Futebol em “papel quadriculado”

27 de Abril de 2016

O que terá passado pela cabeça de Pellegrini quando soube que afinal Ronaldo não ia jogar. Pode um treinador mudar o plano de jogo pouco antes de começar?
Ou seja, sem a explosividade ofensiva de Ronaldo a atacar a profundidade e baliza, poderia subir mais uns metros a sua linha defensiva e jogar com um bloco mais alto? Era tentador pensar nisso, mas as coisas não funcionam assim.
Não existia tempo para preparar uma forma diferente de jogar. O “formato-Champions” do City passa muito por quer controlar o jogo juntando mais as linhas e não iria abdicar disso. Subir um pouco mais o bloco iria depender da sensibilidade dos jogadores em campo cruzando olhares com o treinador para saber se era possível dar esses passos em frente.
Em tese, um treinador não deve arriscar mudar o chip do plano de “preocupação táctica” que os jogadores levam como se tudo, de repente, se tornasse mais fácil. É o primeiro passo para uma equipa perder as suas referencias. Pellegrini manteve o seu City num processo defensivo com os laterais (Sagna-Clichy) bem posicionados.
A equipa cresceu taticamente esta época embora isso não seja visível a "olho táctico nu". Exige um olhar mais microscópico aos movimentos de meio-campo e, ironicamente, conseguiu-o mesmo sem Yaya Touré, quando solidificou melhor a dupla Fernando-Fernandinho (entre ficar em cobertura de equilíbrio, o que faz mais Fernando, e sair para o jogo, o que faz mais Fernandinho).
Na frente, permanece o facto que mais que perturba neste City: ver Silva demasiado descaído numa faixa, demasiado condicionado a “ator secundário” (muitas vezes quase só apoio de circulação) quando devia ser arquiteto de toda equipa porque ninguém pensa o jogo melhor do que ele. Acabou por sair (lesionado) na primeira parte e a equipa nem se mexeu. Não sentiu muito a sua falta porque o plano táctico é outro. Devia-o ter sentido.

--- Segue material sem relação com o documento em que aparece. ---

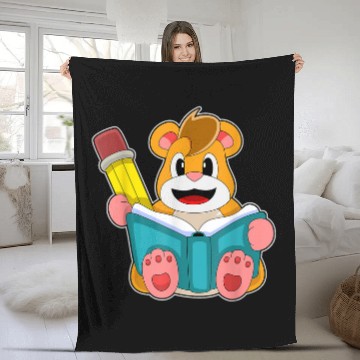Discover Hamster Pupil Book School Fleece Blankets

O jogo para heróis discretos e ocasionais (mas nunca acidentais)

 

O Real Madrid de Zidane tem um “pacemaker” colectivo no meio-campo em três jogadores: Casemiro-Kroos-Modric. Um equilíbrio essencial mas que me faz sentir a falta do adiantar o terreno de Modric até a fazer o “ultimo passe”. Cada vez menos, porém, este Real é uma equipa de “últimos passes”. É, cada vez mais, uma equipa de mais... pases a meio-campo e jogo direto nos últimos 30 metros. São as características dos avançados que determinam isto. São as qualidades de visão/execução táctica dos médios que permite tudo isto de forma equilibrada.
Mesmo num jogo sem Ronaldo, isto manteve-se e Manchester, apesar das derivações permanentes de Bale, um avançado cada vez mais anárquico nos seus movimentos ao ponto de ser impossível definir em que tipo de jogador ele se tornou hoje. Nem questiono a sua posição (parte da direita e depois vagabundeia por toda a frente de ataque) questiono mais como isso retira referências dos locais certos onde deve começar a meter a sua.... dinâmica de jogo. Acaba o jogo e fico com tonturas de ter visto, ou ter tentado seguir os movimentos de Bale. Para recuperar a “estabilidade analítica de visão” recorro então aos tais três médios.
Todas estas contingências (sem Ronaldo e depois Benzema) permitiu aparecer um jogador aparentemente banal mas que, por ser inteligente e táctico-tecnicamente responsável, dá sentido colectivo à equipa mesmo partindo como avançado: Lucas Vasquez.
É aquilo que chamo um “utilitário-ofensivo” que nunca vai deixar mal um treinador. Não se pense, porém, que é apenas um “soldado táctico disciplinado”. Não, ele pensa coisas diferentes no jogo. Mas nunca as aplica para tornar o jogo da equipa diferente. Aplica-as sempre dentro de um “plano de continuidade” que dá solidez móvel ao ataque.
Uma época longa faz-se muito deste tipo de jogadores. Os heróis discretos e ocasionais (mas nunca acidentais, note-se).